The 30-year-old has been around the block a bit during the course of a League of Ireland career that started at the Showgrounds but included spells in Derry, Athlone and Galway, prior to his having landed back in the north-west last year.
Yesterday’s personal triumph, though, completed a rather more particular journey that started on a Sunday afternoon last December in, of all places, Tallaght.
Theoretically, Kelly is Paul Cook’s second-choice goalkeeper behind Richard Brush but injuries to his club-mate have provided him with plenty of opportunities including one to play in the cup final last year when a harsh penalty awarded against him late on handed Sporting Fingal a ticket back from the brink of defeat that they made full use of.
If he was really to blame for anything that day, then he more than made amends yesterday, saving all four of the spot kicks directed at him during the shoot-out; a feat that, when paired with Eoin Doyle and Gary McCabe’s successful efforts, paved the way for Sligo’s long awaited victory.
Kelly later described the feat as lucky but goalkeepers have to engineer a fair bit of it in these situations and asked to explain why, after saving once to either side, he decided to stand upright as Chris Turner approached for penalty number three he revealed that: “Last year, when he was with Dundalk, he hit one down the middle and, I knew his run up, he did the same run up again and so I said I’d stay.”
His record in shoot-outs is certainly impressive with the goalkeeper revealing that he has only been on the losing side in such situations “once or twice”. Still, he admitted, saving just one of 20 or so in training on Saturday may not have inspired all that much confidence beforehand amongst his team-mates on this occasion.

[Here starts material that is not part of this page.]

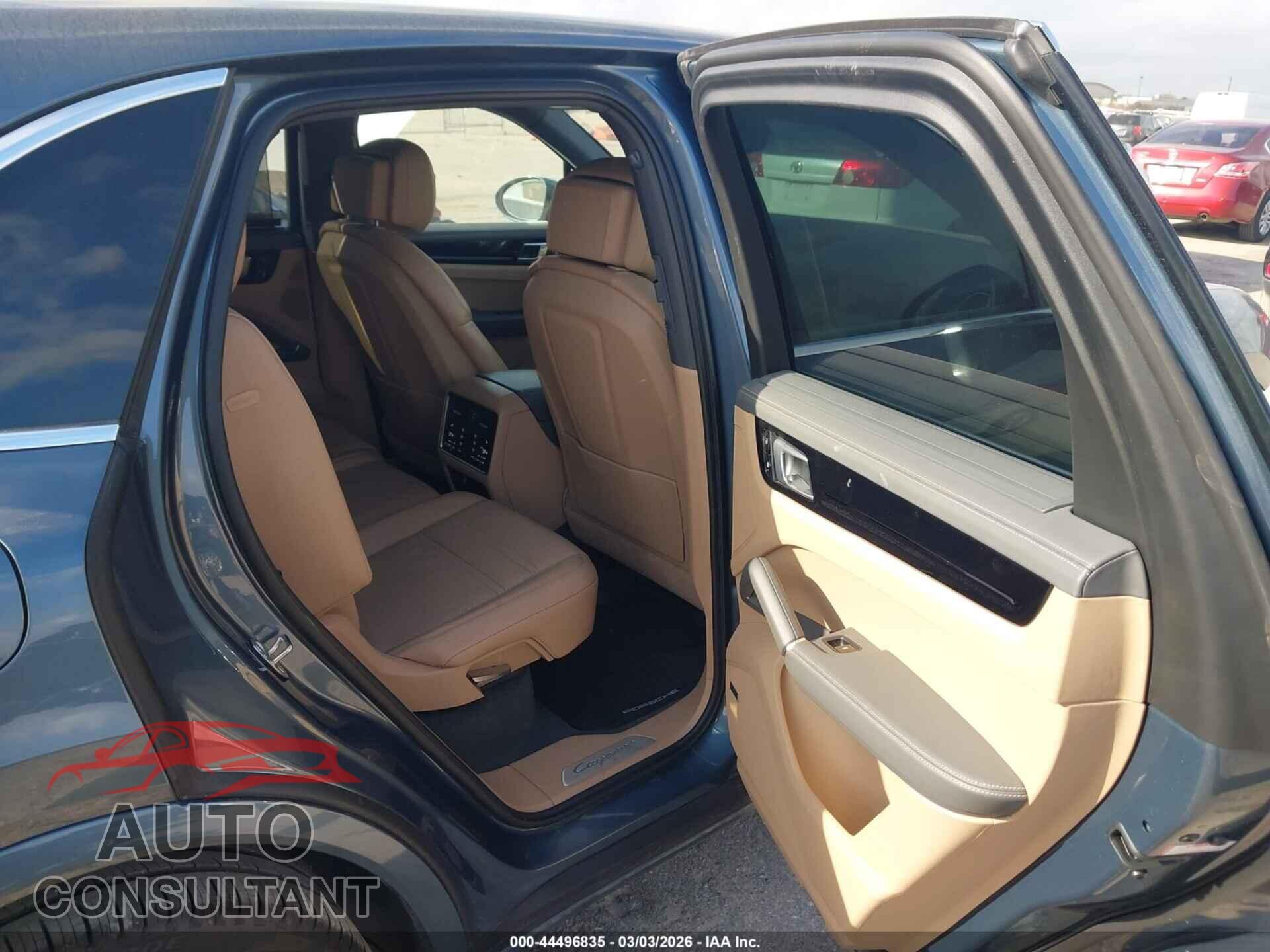 PORSCHE CAYENNE 2019 - WP1AA2AY3KDA15717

Both managers were magnanimous towards their opponents afterwards with Michael O’Neill readily accepting that Sligo had played very well while Paul Cook (who avoided watching the shoot-out by joining his physio John Coyle out in the car park while the latter “had a ciggy”) acknowledged that, with his side apparently unable to convert their superiority into something a little more tangible, the Dubliners had come within a whisker of completing their double.
Instead, he observed, “there will be two pieces of silverware (they won the League Cup a few weeks ago) resting up in Sligo tonight and we’ve taken a little bit of momentum away from Dublin clubs that everybody seemed to think were all powerful.”
Rhetorically, he then asked whether the season might have been even better had Romuald Boco, Joseph Ndo and Jim Lauchlan been available to play the whole league campaign.
With just Alan Keane and John Dillon signed for next season so far, keeping this group together so as to mount a stronger challenge for the title next season is the next challenge for Cook who could only laugh when asked if he could pull it off.
“I’ve just been in there telling them they’re all officially unemployed now,” he joked. “I thanked them for their efforts and told them I’ll start signing up a new team tomorrow.”